MANILA — Some groups opposed Tuesday the idea raised by President Rodrigo Duterte of passing a law to provide free legal assistance to cops and soldiers who may face work-related charges.
The National Union of Peoples’ Lawyers (NUPL) said there is no need for such a law.
“In principle, everybody including our military and police are entitled to constitutional and even universal rights to due process which includes the right to counsel," NUPL President Edre Olalia said in a statement.
"But more fundamentally, such proposed free legal assistance to them will be totally unnecessary if only they perform their jobs properly, regularly and legally, consistent and in accordance with basic rights and freedoms of the people,” he added.
“In fact, with all these rights violations and abuses, it is the victims of security forces that most need free, competent and independent counsel."
Lawyer Chel Diokno of the Free Legal Assistance Group said that while government officials in the performance of their functions are entitled to be represented by the Office of the Solicitor General, this does not apply when government officials are charged with corruption or killing, as these are not considered part of their functions.
“The question is, should we use public funds to give a lawyer to a government official or employee who is charged, for example, with committing a crime, especially if it’s a serious crime, because generally, no charges can be brought except if there is evidence, sufficient evidence to file a case?" he said.
“It’s a bit concerning but at the same time, we have yet to see what specific proposals will come out of that statement,” said Diokno.
During his final State of the Nation Address on Monday, Duterte said it is "high time" for the country "to pass a law that would provide free legal assistance to AFP and PNP officers, enlisted personnel to help them from charges arising from incidents related to the performance of official duty."
Speaking to ANC Rundown on Tuesday, Bayan Muna party-list Rep.
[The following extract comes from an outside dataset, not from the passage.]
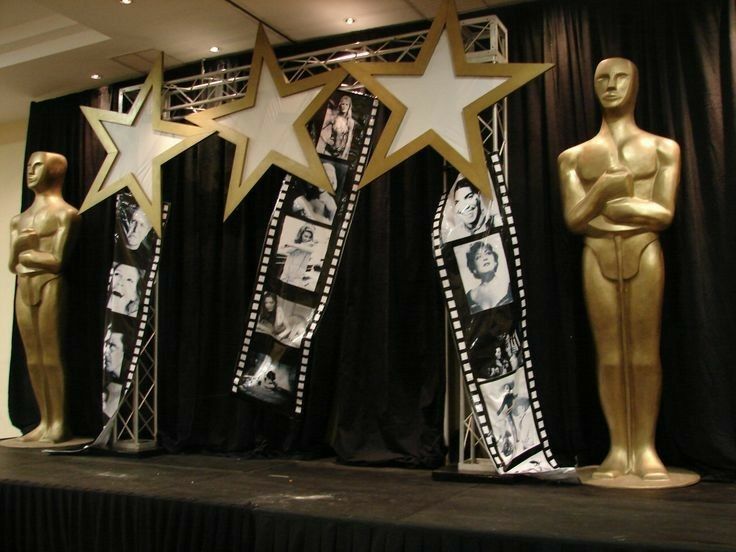 three oscar statues are lined up in front of black drapes with gold stars on them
Ferdinand Gaite said the move may be in anticipation of possible charges to be filed against erring cops and soldiers.
“They’re already expecting that after the administration of Duterte or even now…they would have to face the music. By following such orders such as the kill, kill, kill, the arresting of opposition and anti-Duterte groups, I think they’re already expecting that there will be a large number of cases that will be filed against these authorities,” Gaite said.
More than 6,000 drug suspects have died in police drug operations according to official figures, although human rights groups are estimating the figure to go as high as more than 30,000.
Rights groups alliance Karapatan said it has recorded more than 400 rights defenders who have fallen victim to alleged extrajudicial killings under the Duterte administration.
All of these allegedly took place while Duterte increased benefits and promised to protect his soldiers and cops.
“What Duterte has really done is to pamper the military and the police by raising their salaries. They double their salaries since the assumption of Duterte," Gaite said.
"They’ve given the AFP and PNP more perks and privileges. They ‘modernized’ the military and the police and yet, we cannot see them improving in defending our sovereignty in the West Philippine Sea. We cannot see them really going against criminal organizations, especially the drug syndicate,” the lawmaker said.
Justice Secretary Menardo Guevarra said his department has a “standing directive” to the Public Attorney’s Office (PAO) to provide legal assistance to police officers up to the senior police officer 4 (SPO4) level and other uniformed personnel who are sued while performing their official duties.
“The PAO has existing memorandum circulars to its public attorneys regarding this matter. Provision of free legal assistance is subject however to the PAO’s evaluation of the case, including a determination of conflict of interest, as when the adverse party has also sought legal assistance from the PAO,” he said.
Guevarra also mentioned that the Philippine National Police and the Armed Forces of the Philippines have special funds to support legal expenses of cops or soldiers who engage lawyers of their own choice.
“Maybe an increased budgetary allocation for this purpose will be enough, assuming existing funds are insufficient,” he said.
LEGAL ASSISTANCE VS LEGAL PROTECTION
But will providing legal assistance to cops or soldiers accused of wrongdoing run counter to the the thrust of the DOJ's drug war review and its AO 35 panel probing extrajudicial killings?
Guevarra made a distinction between legal assistance and legal protection.
“Legal assistance is not the same as legal protection. It is just providing law enforcement agents some means to defend themselves in court for acts done in relation to their official duties, such as fighting terrorists and criminals," the official said.
"Unless proven guilty, they are presumed innocent. Like everyone of us, they are also entitled to due process of law,” he added.
In an earlier interview, Guevarra told ABS-CBN News only a few relatives of drug war victims have come forward to file cases against the police partly out of fear from retribution.
But he stressed the need for them to come forward and cooperate with the DOJ’s probe to move the case forward.